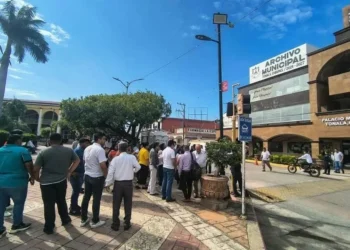 Se registra sismo magnitud 7.4 en Chiapas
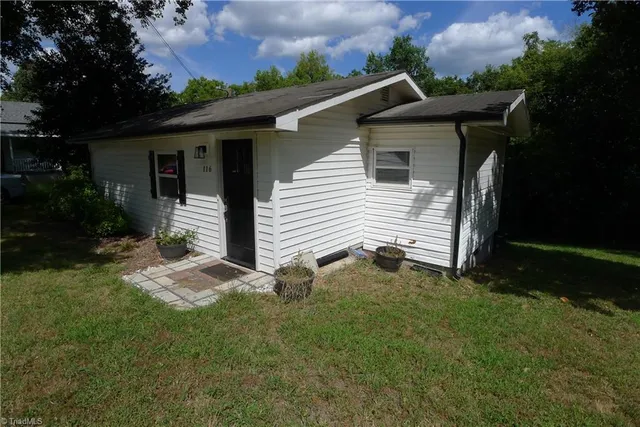 $120,000 | 116 Pond Street, Lexington, NC 27292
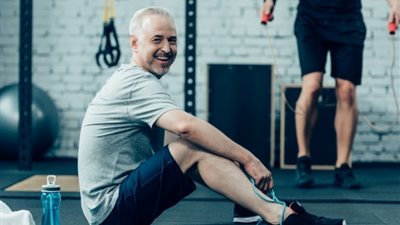 ممارسة الرياضة تحمي الشخص من النوبات القلبية والسمنة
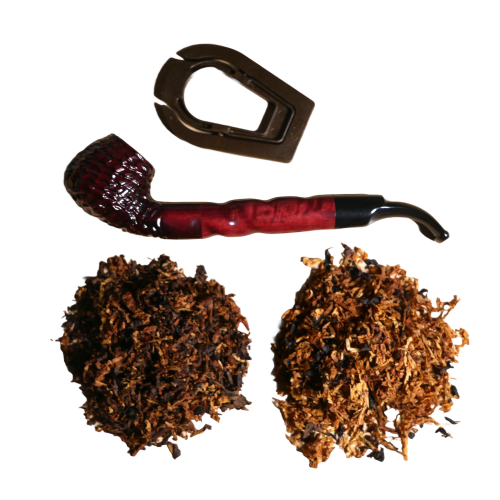Bens Ruby Mr Brog Lucci Pipe Tobacco Sampler - 20g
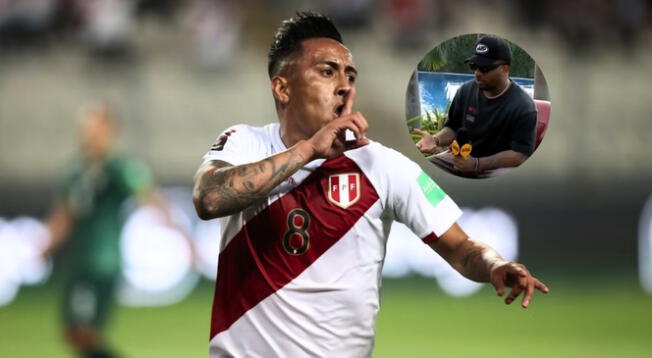 Christian Cueva regresa a la selección y Jefferson Farfán dejó un contundente mensaje Christian Cueva regresa a la selección y Jefferson Farfán dejó un contundente mensaje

= = = =

### TASK
Print the whole listing exactly. No pictures belong in the copy.

### ANSWER TO THIS TASK
 Se registra sismo magnitud 7.4 en Chiapas
 $120,000 | 116 Pond Street, Lexington, NC 27292
 ممارسة الرياضة تحمي الشخص من النوبات القلبية والسمنة
Bens Ruby Mr Brog Lucci Pipe Tobacco Sampler - 20g
 Christian Cueva regresa a la selección y Jefferson Farfán dejó un contundente mensaje Christian Cueva regresa a la selección y Jefferson Farfán dejó un contundente mensaje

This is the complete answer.